Dennis Gartman, who edits the Gartman Letter, told CNBC in an interview late Monday he recently ‘got scared’ and moved his equity exposure to near zero from 100%. He said he’s sticking with gold and cash to ride out the “long-awaited and much-needed correction.”
Gartman, who earlier this month was still holding his bullish stock stance, basically got freaked out by 15 minutes on the markets Friday. In that short space of time, he said the market turned like he’d never seen it turn before. Friday was quite a day, with heavy selling of biotech and Internet stocks, pushing the Nasdaq Composite COMP +0.82% to its worst day in two months. The S&P 500 SPX +0.38% and Dow industrials DJIA +0.06% also dropped 1.3% and 1%, respectively, that day.
“Friday morning I came back from the gym, and I was very comfortable: I owned aluminum, I owned coal, I owned money-center banks. Then between 11 a.m. and 11:15 a.m. it was as if they flipped the switch. Everything changed: stocks changed, bonds changed, gold changed, currency changed — the whole world switched,” recalled Gartman.Gartman said he won’t be buying stocks again until they get much cheaper.
He said Friday’s action was worth noting because it was a so-called outside reversal day, when both the high and the low price for the day, for a stock or index, exceeds those levels on the previous day. If there is downside follow-through, as Barron’s explained on Monday, it can also signal a market top. The Nasdaq logged a 1.2% drop on Monday, and a 4.6% fall over three sessions, to mark the worst three-day loss since November 2011.
Reversal days are common — they happen, said Gartman. However, reversal weeks are rare, and reversal months are rarer still. “It’s really, really important … we don’t get outside reversal months, where you make a new high and close below the previous month.”

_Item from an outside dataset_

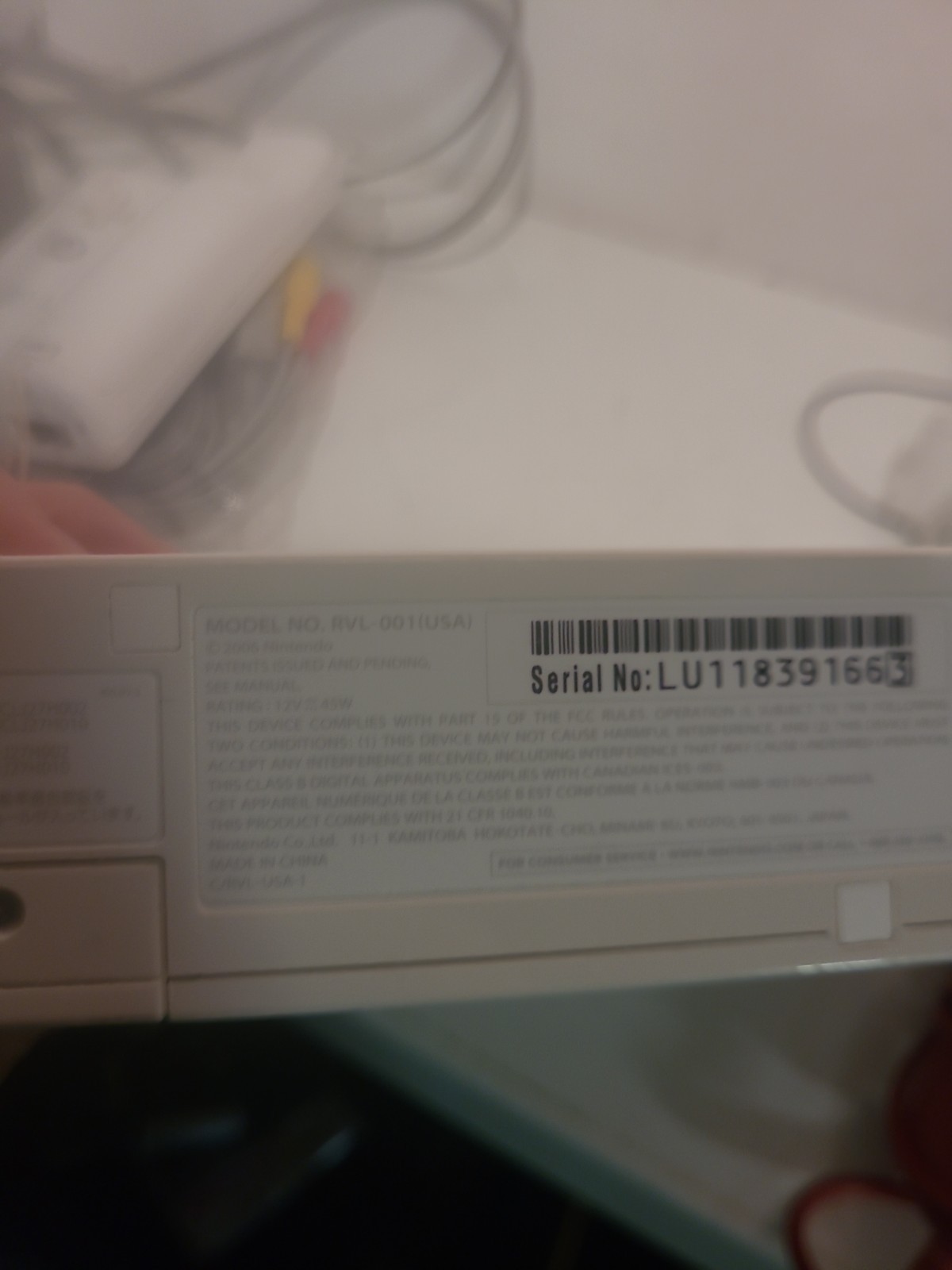 Nintendo Wii Launch Edition White Console RVL-001 OEM CONTROLLER NUNCHUK Works!
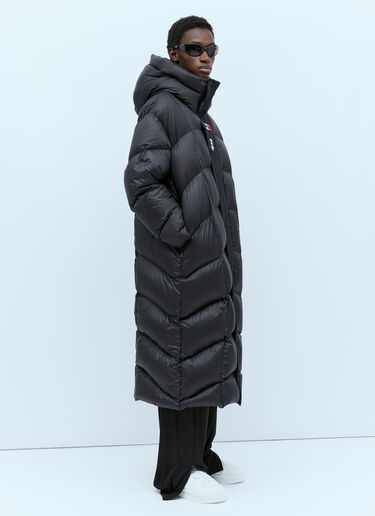 Moncler x adidas Originals Oreiller Long Down Coat Black mad0154004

Over on Twitter, there was plenty of eye-rolling going on, given that on April 1, Gartman was touting a bullish stance on stocks to CNBC.
Gartman may be missing out on a bounce, though, according to some. Milton Ezrati, market strategist and economist at Lord Abbett, told CNBC he expects earnings won’t disappoint and will “show people that the world’s not going to come to an end, just because names in social media are blowing up.”